In fact, according to a recent poll conducted by MT Finance, no fewer than four fifths of property investors actually planned to expand their portfolios over the course of 2019. Here are some key points from that survey.
This in itself hardly qualifies as news, but what may come as a surprise is that of the 80% of property investors who stated their intention to purchase new property in 2019, no fewer than 39% stated that they intended to buy in the south east of England, but not London (none of those surveyed intended to buy in London).
This may be a reflection of the fact that the slowdown in the Thames Valley area has made it more feasible for investors to buy property there, as long as they stay outside the capital itself, where prices are at their highest. By contrast, only 13% plan to buy in the Midlands, even though this has become one of the UK’s hottest property-investment destinations, with 25% planning to buy in Wales and 16% overseas.
Almost 48% of those surveyed advised that they had purchased commercial property in 2018, while just under 43% of respondents advised that they had purchased residential property in 2018. While this differential is, admittedly, fairly small, it will be interesting to see if it turns out to be an early indication that many property investors are now actively looking for commercial property investments in preference to navigating the heavily-regulated buy-to-let property investment landscape, or at least, looking to divide their portfolio between commercial and residential property, rather than focusing purely on the residential market as they might have done in times past.
When it comes to concerns over Brexit, perhaps the biggest surprise is that it was mentioned by only 32% of investors, coming in second to affordability which was mentioned by 40% of respondents. Accessing funding and government legislation were the third- and fourth-biggest challenges, mentioned by 17% and 11% of investors respectively.

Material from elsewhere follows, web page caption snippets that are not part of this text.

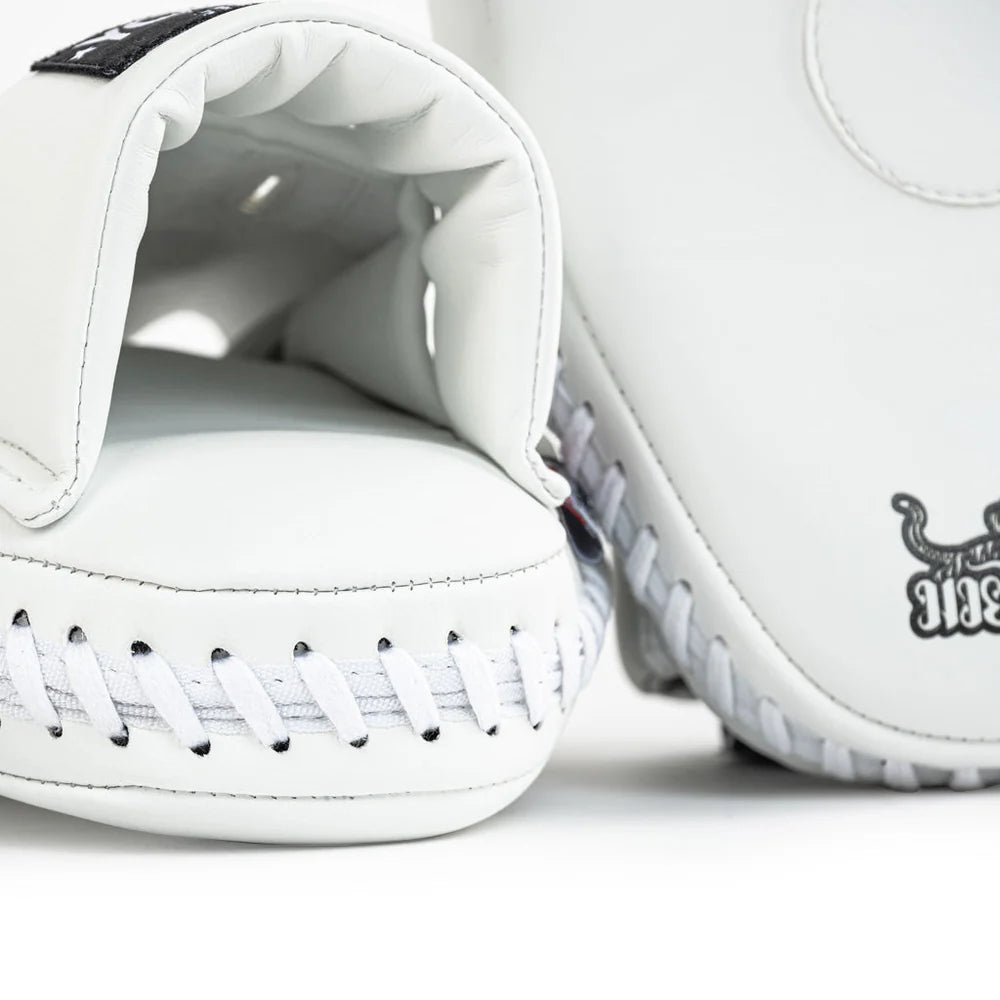 Close-up van Yokkao focus mitt in wit met gewatteerde handinvoer en witte veters aan de onderzijde. De stevige stiksels en zwarte accenten zijn zichtbaar tegen de witte buitenzijde. Detailopname van de afwerking voor bokstraining en Muay Thai padsessies in de gym.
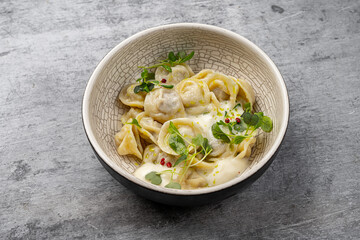 Traditional dumplings with meat filling served in a bowl with creamy sauce, microgreens and pink peppercorns on gray background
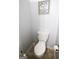 Powder room featuring a white toilet, clean lines, and neutral paint at 237 Summerford Pl, Stockbridge, GA 30281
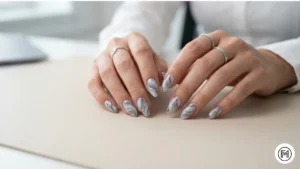 Alt Text: Minimalist grey and white marble acrylic nails with sleek silver metallic lines.
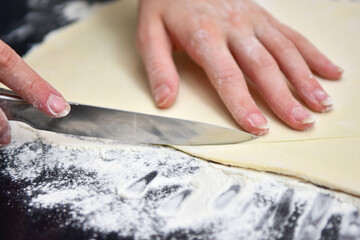 Cutting the dough into croissants. Cooking at home in quarantine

A majority (51%) of respondents stated that they were uncertain of the conditions for property investors in 2019, while 28% said that they believed conditions would not improve in the coming year. Perhaps all of the aforementioned points could be wrapped up in the statement that, at this point in time, nobody really knows what Brexit will bring or how the UK (government and people) will respond to it, but the fact remains that the UK has a long tradition of both resilience and adaptability, which, coupled with an extensive population of "natural renters" (students and mobile young-adult professionals), bodes well for the long-term health of property investment.